++++ Dataset extract

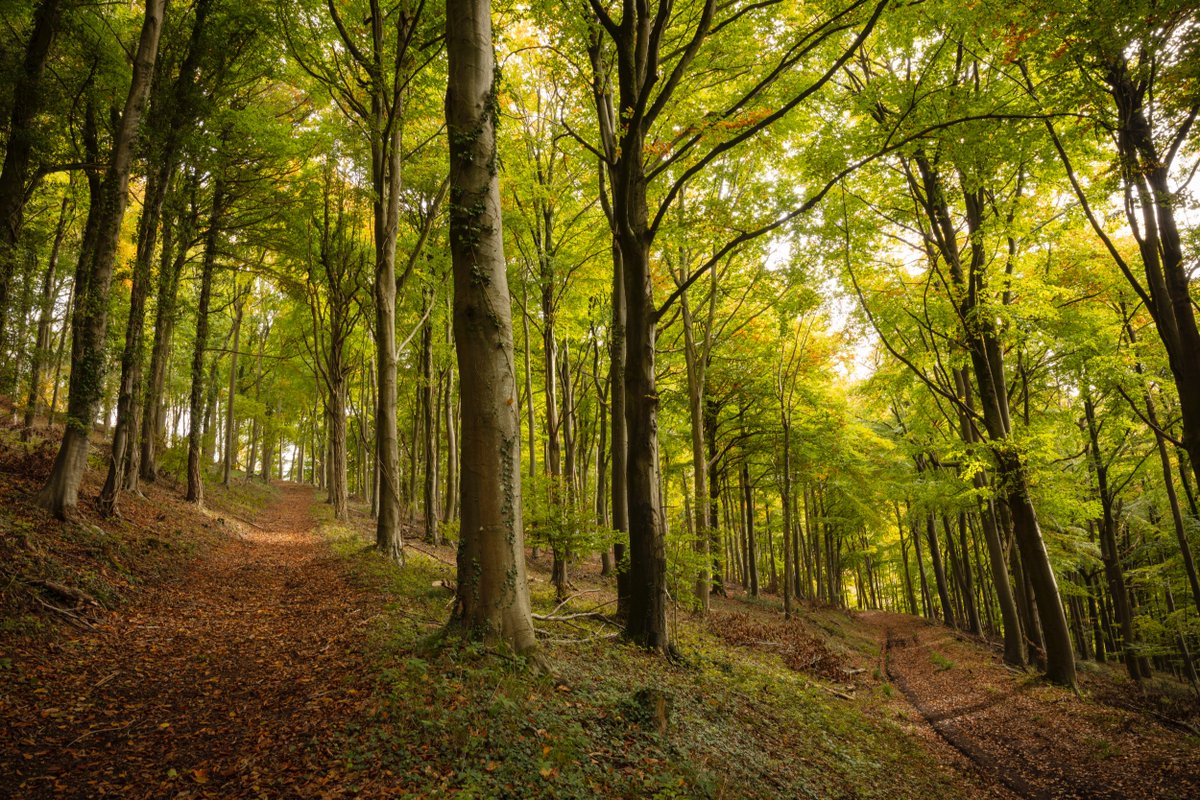 nationaltrust's tweet photo. No matter how long it’s been, you can reconnect with nature at any time. https://t.co/MtMmdMMEru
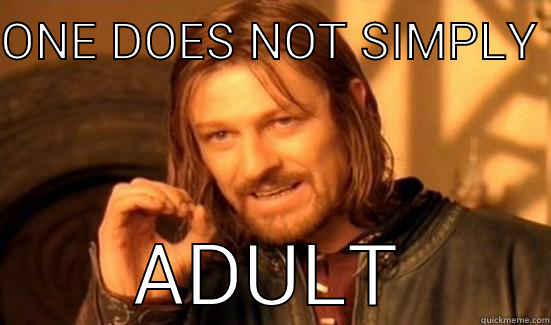 ONE DOES NOT SIMPLY  ADULT Boromir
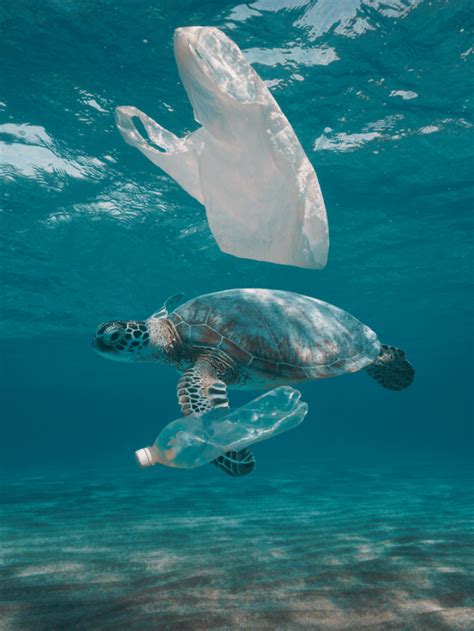 Top Plastic Pollution Solutions - GlobalOwls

++++++++

Task statement:
Word for word, retype the material above without its pictures.

Completed exercise:
 nationaltrust's tweet photo. No matter how long it’s been, you can reconnect with nature at any time. https://t.co/MtMmdMMEru
 ONE DOES NOT SIMPLY  ADULT Boromir
 Top Plastic Pollution Solutions - GlobalOwls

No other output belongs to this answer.